Theorem. There is a big subgraph \(G_*\) of \(G\) with the property that every vertex has a lot of neighbors of each other color.

We use the transfer property to trade for a problem in planted model.

Lemma. solve planted version

Lemma. bound on expansion

Corollary. It’s pretty easy to show from the theorem that no vertex in \(G_*\) can have a close coloring.

shattering

Now we will prove shattering. They want some notion of distance that plays nicely with permuting colors, not exactly sure why but whatever.

Define \(M_{\sigma,\tau}^{ij} = \frac{1}{n} |\sigma^{-1}(i)\cap \tau^{-1}(j)|\).
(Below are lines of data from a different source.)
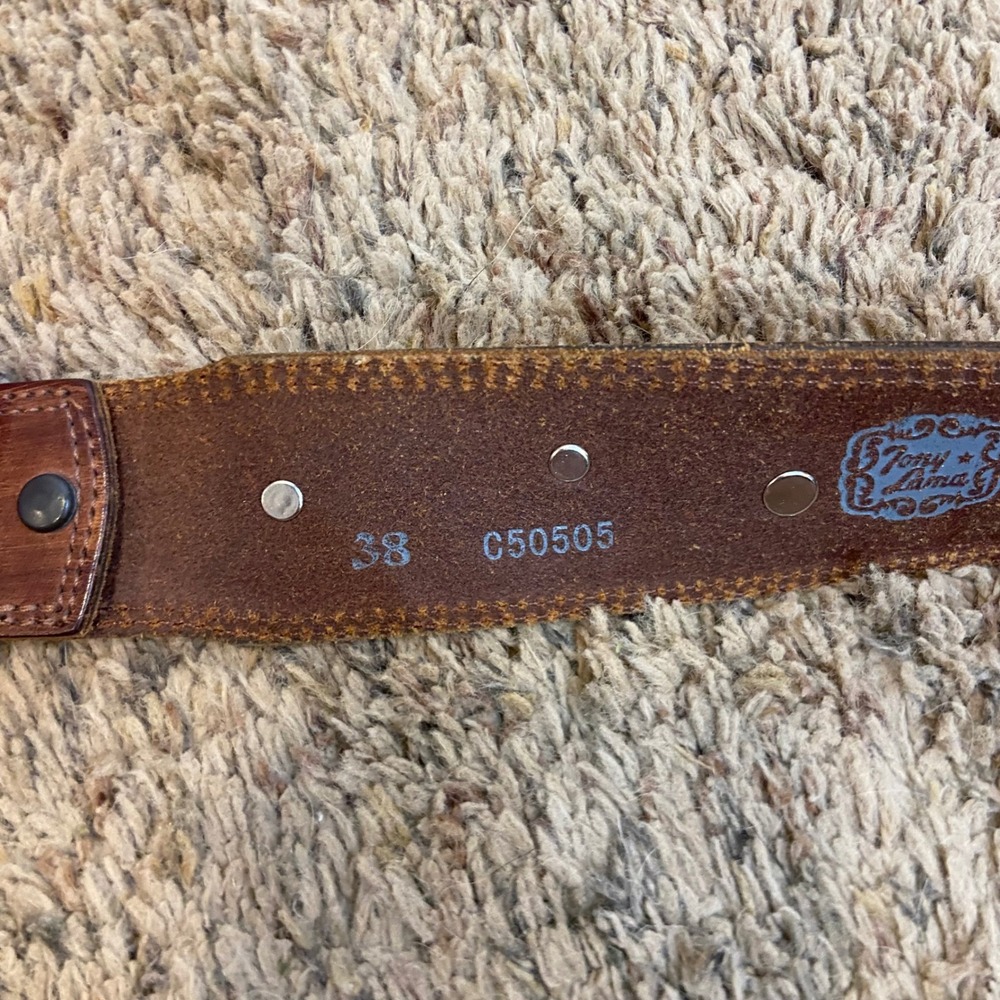 Tony Lama Brown Tooled Leather Rhinestone Western Belt Size 38 C50505. READ - Picture 4 of 8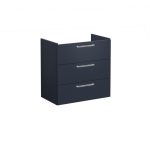VitrA Root Flat 80cm 3 Drawer Washbasin Unit - Matt Dark Blue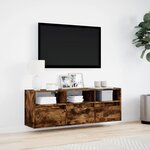 vidaXL Meuble TV mural avec lumières LED chêne fumé 130x31x45 cm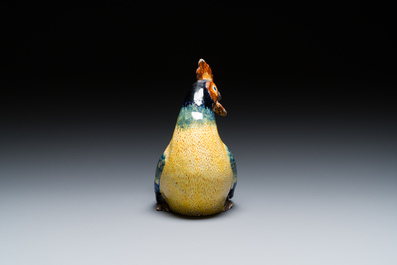 A polychrome Dutch Delft rooster, early 19th C.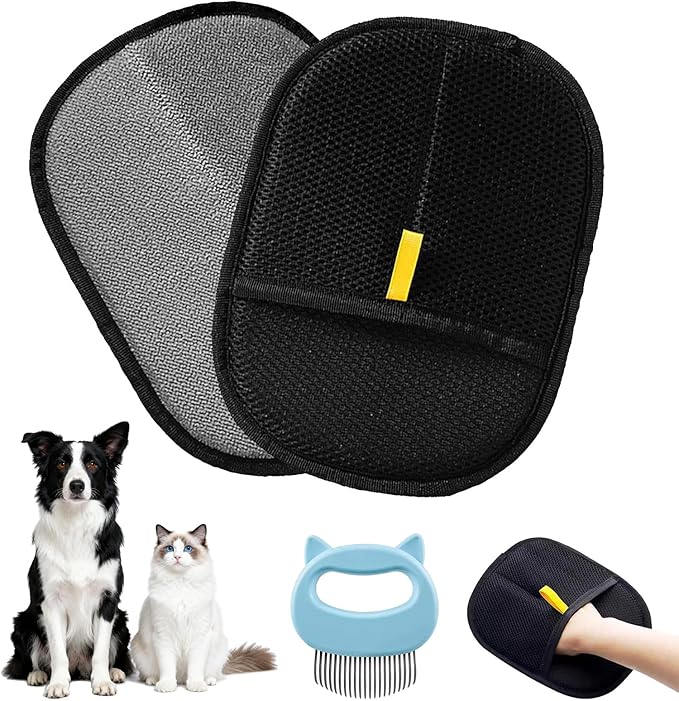 Pet Hair Removal Glove 2 Pack – Magic Gloves for Pet Hair, Dog & Cat Hair Remover, Reusable Pet Hair Removal Tool with Shell Comb for Sofa, Bed, Car, Bedroom & Living Room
Our notion of distance between \(\sigma, \tau\) is now gonna be frobenius norm of \(M_{\sigma, \tau}\). Checking for \(\sigma = \tau\) it is much bigger than if \(\sigma,\tau\) are “uncorrelated”.

Theorem. shattering. more specifically,

there are zero solutions at medium distance from \(\sigma\). There are not so many solutions which are pretty close to \(\sigma\).

It is clear how this allows us to define regions.

ok so to prove the theorem

step 1: transfer principle ofc.

Lemma. step 2: prove in planted model.

Proof. I think we just compute expectations.